What are those improvements? According to Benefield, Obsidian has spent the last decade (since the release of 2016’s Tyranny) restructuring its QA department to work more closely with the rest of the studio. QA testers became QA analysts, and instead of only running tests on builds of games like Avowed, the QA team began working with designers of all stripes to review their work in Obsidian’s narrative tool and Unreal Engine, spotting bugs before anyone hit the “commit” button.

That process may sound dauting—but if you want to bolster your QA team, Benefield said you can boil the process down to one phrase: “train your QA team using whatever methods you’re training your designers.”

Obsidian’s QA testers got access to Tyranny’s narrative tools

The yearslong journey to reinvent Obsidian’s QA department began in 2015 while developing the CRPG Tyranny. Dialogue in Tyranny is accompanied by portraits of characters in different premade “poses” that illustrate their emotional state. Originally these poses were to be set up by the narrative team working in the Obsidian narrative tool, but according to Benefield, that team had become bogged down creating quests and content for the game, and work on implementing poses was falling behind schedule.

Implementing these poses wasn’t a complex process, it just required hours and hours of work, and the QA team had the bandwidth to take up the task. But with access to the tool they began to realize there was loads of implemented content they’d never seen or tested before.

“We found lines that had never been tested, or, in some cases, lines you couldn’t even reach as a player due to a bug,” he said. “Sometimes they were entire quest branches, small and large, hidden inside these files that unless you stumbled into it as a player, or it was documented somewhere, you wouldn’t know that it’s even there, meaning…QA couldn’t [log] the bug if we didn’t know the bug was present.”

A crowd of fantasy characters stands over the corpse of a monster in Tyranny.

Image via Obsidian Entertainment/Paradox Interactive.

Benefield was a tester at the time, and while he was implementing poses, he spotted a potentially game-breaking bug tied to the game’s reputation system. In the game’s opening hours, players balance demands from different factions like “The Disfavored” and “The Scarlet Forest” to garner reputation, culminating in a scene that will cement their initial allegiance. The scene checks the player’s reputation with each faction, which is calculated by numbers that go up or down depending on different choices. Whichever faction the player has a better reputation with will determine what scene plays out and how the game progresses.

Because Benefield was working in the narrative tool and could see the number values and narrative node pathways, he did the math and found it was possible for players to make a precise set of choices that would end with equal reputation values with each faction. This was not an intended outcome, and the player wouldn’t be able to progress the story.

He showed the bug to his lead…who congratulated him on his initiative but said they couldn’t file a ticket unless he reproduced it in a build.
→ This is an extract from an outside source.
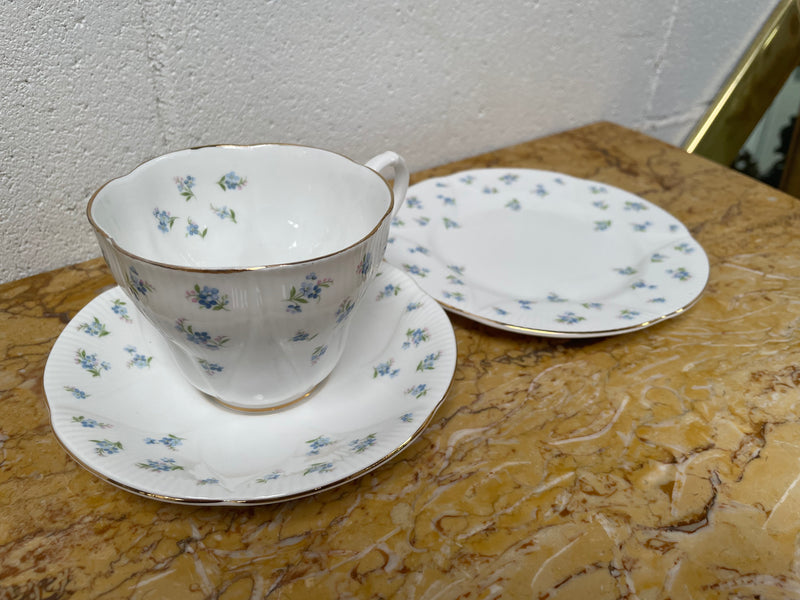 Royal Albert "Blue Heaven" trio set, cup, saucer and tea plate. In good original condition.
It took him two hours to test and retest his theory, and the fix took 30 seconds. “I found it personally frustrating to see I’d found such a high-severity bug, but the cost and time to reproduce it would prove to be greater than the time to fix it,” he said.

Fortunately, Obsidian listened to his feedback, and after this Tyranny bumped the status of its QA testers up to QA analysts (increasing their pay as well) and created a process for analysts to review quest and dialogue node trees before they went into the build.
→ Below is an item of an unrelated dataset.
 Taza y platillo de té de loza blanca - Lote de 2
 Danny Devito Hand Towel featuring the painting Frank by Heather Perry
Expanding in-tool testing on Avowed

Benefield took a few years away from Obsidian to work as a producer at Nexon, but was hired back at the company as a QA lead on Avowed, where he began more rigorously implementing this process. Avowed‘s conversation nodes weren’t larger or more complex than Tyranny, but now the QA team also had to track animation, audio, and other gameplay bugs that came with first-person combat and animated conversations.

Using a sample conversation with a merchant from early in Avowed that checks if a specific party member was present, Benefield showed three ways a mistake in the narrative tool could lead to a bug in the game. If a designer created a node where a “bark” (a line that occurs without dialogue UI) transitions into a full dialogue sequence, the conversation breaks. If a designer forgets to identify a speaker when setting up a node, or the speaker was deleted after the file was created, the conversation breaks. And if someone forgets to put a “red” talk node (that ends the conversation) at the end of their sequence, the conversation breaks. All three of these bugs came up “dozens” of times when making Avowed, and they’re “much easier” to spot inside the tools than if they’re reported from inside the game.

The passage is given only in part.